* [DATASET SECTION]:

:::

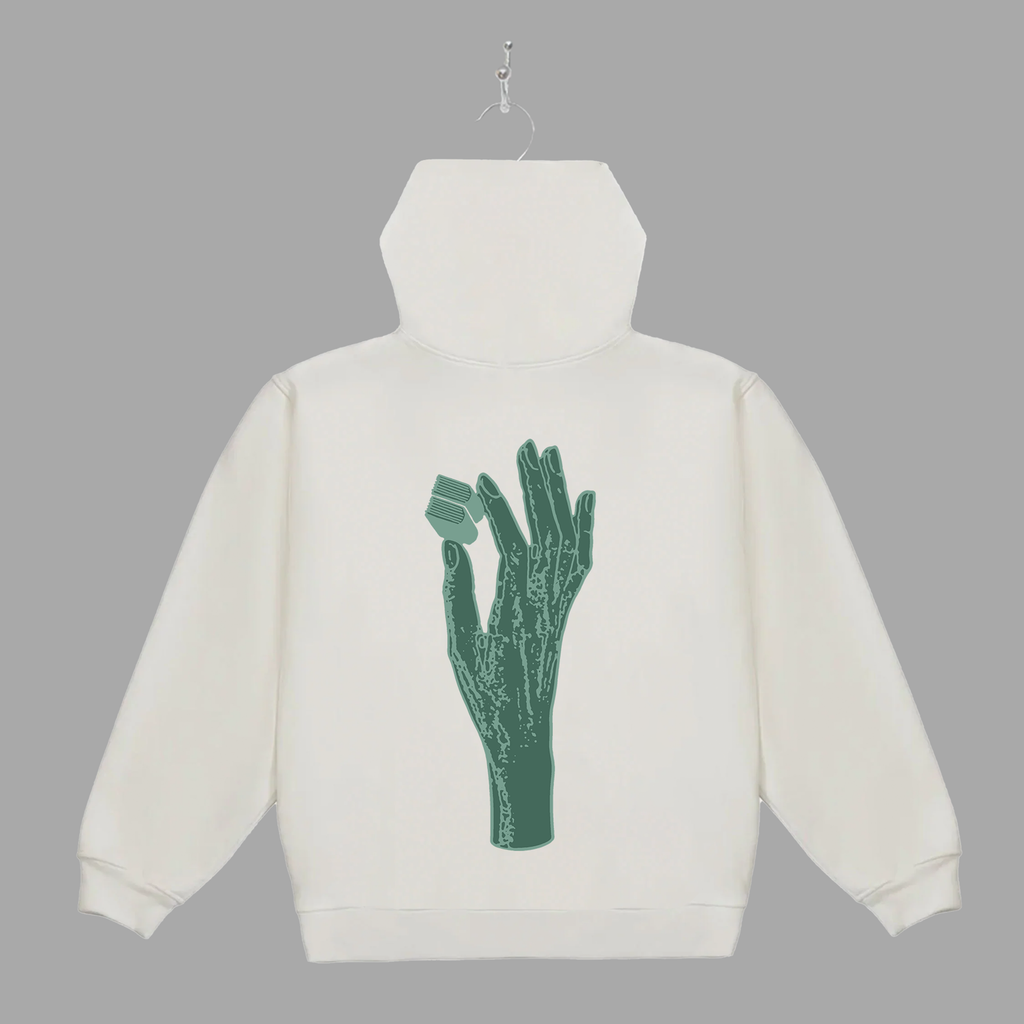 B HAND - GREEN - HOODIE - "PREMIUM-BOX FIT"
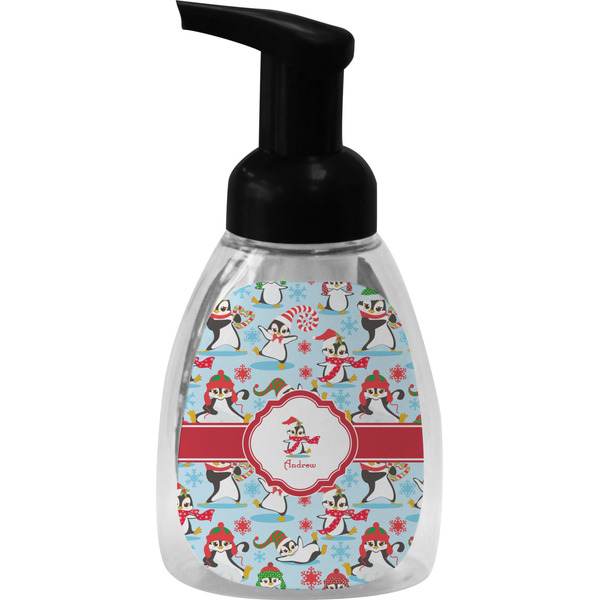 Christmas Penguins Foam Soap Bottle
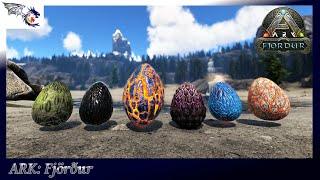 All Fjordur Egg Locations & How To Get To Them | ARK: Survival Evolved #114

:::

* [WHAT YOU WILL DO]: Go through the material above and print all of it exactly, except the pictures.

* [YOUR RESPONSE]:
 B HAND - GREEN - HOODIE - "PREMIUM-BOX FIT"
 Christmas Penguins Foam Soap Bottle
 All Fjordur Egg Locations & How To Get To Them | ARK: Survival Evolved #114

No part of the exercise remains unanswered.